With the old release, this was either kernel 5.4 or 5.10 based on Devuan Beowulf (or Debian Buster); with the new substructure, kernel 6.10 based on Devuan Daedalus (or Debian Bookworm) is supplied. From version 2024/XII onwards, new versions will be released exclusively on the current basis; this is in line with the release in 2019. The support period for the new master release will last until the end of 2029.
This technical information is provided here for the sake of form, but is not the central topic here. During the implementation of the current foundation, the question arose as to what is central. After consulting with many customers, the decision was made that no ground-breaking innovations were needed, just continuity.

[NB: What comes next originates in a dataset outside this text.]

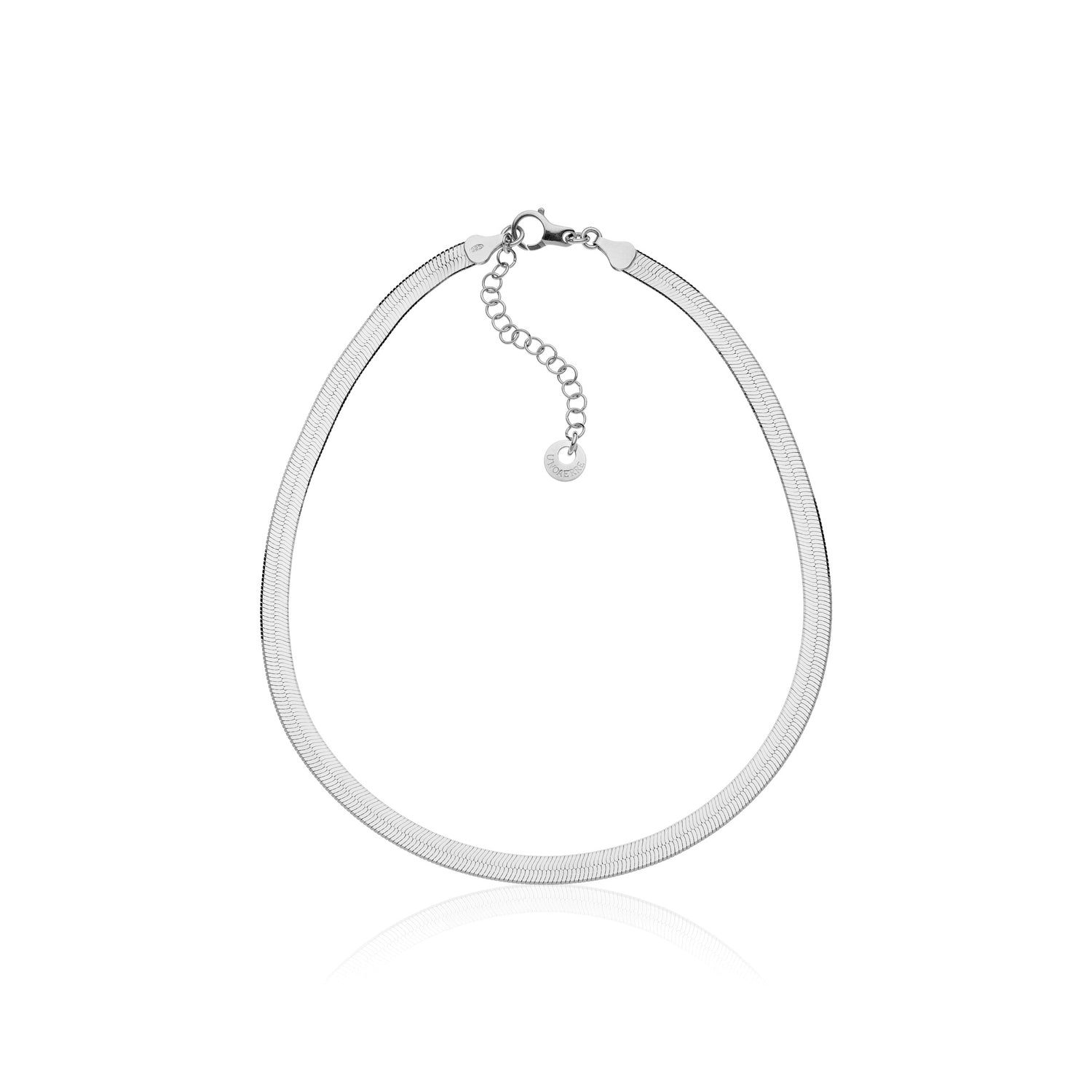 Collana Catena Piatta in Argento Unoaerre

2024/XII: Stability and mass
With version 2024/XII, the scanner drivers were reimplemented and a simple remote solution was realized for all customers. The switch from PHP 7.x to 8.x, the migration of the database to MariaDB 10.x and the upgrade to KVM/Qemu 7.x were not entirely trivial. It therefore seemed more important to us to ensure that all components simply continued to run as before.

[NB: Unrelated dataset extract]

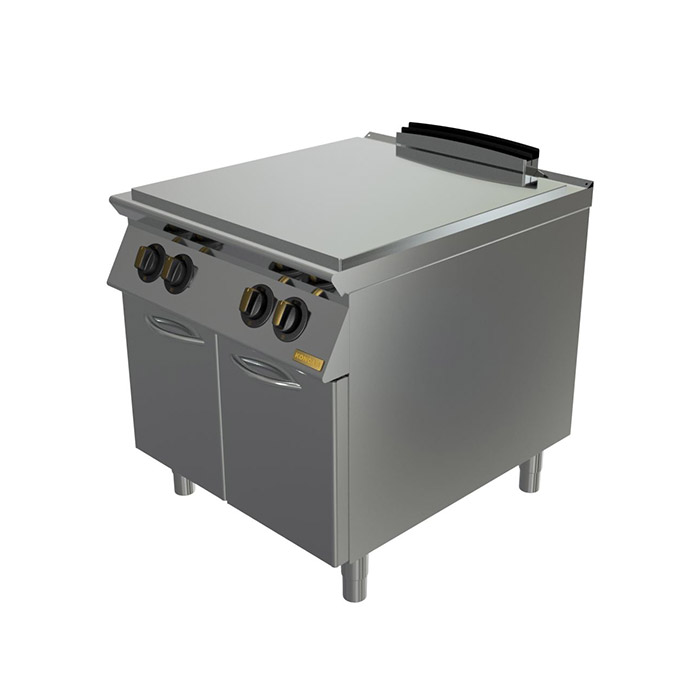 Плита электрическая со сплошной нагревательной поверхностью, на подставке с дверью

When the last major master release appeared at the end of 2019, it was all about the ArchivistaBox being able to process multimedia files. In the last five years, these possibilities have been expanded to such an extent that, looking back, it must be said that introducing something is one thing. Bringing it to life in such a way that it can cope with the rigors of everyday business is another.
In the last few days, over 6500 hours of video material were “thrown” into the archive for testing. The ArchivistaBox needed around 5 hours to process the more than 4000 files. Over 760,000 new pages were created in ArchivistaDMS. The newly recorded data volume amounted to approx. 2.2 TByte of data.
Not a single error occurred during processing. It should be noted here that the ArchivistaBox would probably not have been quite ready for this in 2019. Currently, even an ArchivistaBox Matterhorn can handle archives with several dozen TBytes, not to mention the K2 and Everest models. With the latter two ArchivistaBox models, archives of hundreds of TBytes could be managed.
And the ArchivistaBox systems are delivered on standard hardware, requiring neither a server infrastructure nor the corresponding know-how. For this to be possible, a great deal of attention to detail is required. Especially with video files, the “devil” is in the detail. To explain how complex the matter is, let’s go a little further.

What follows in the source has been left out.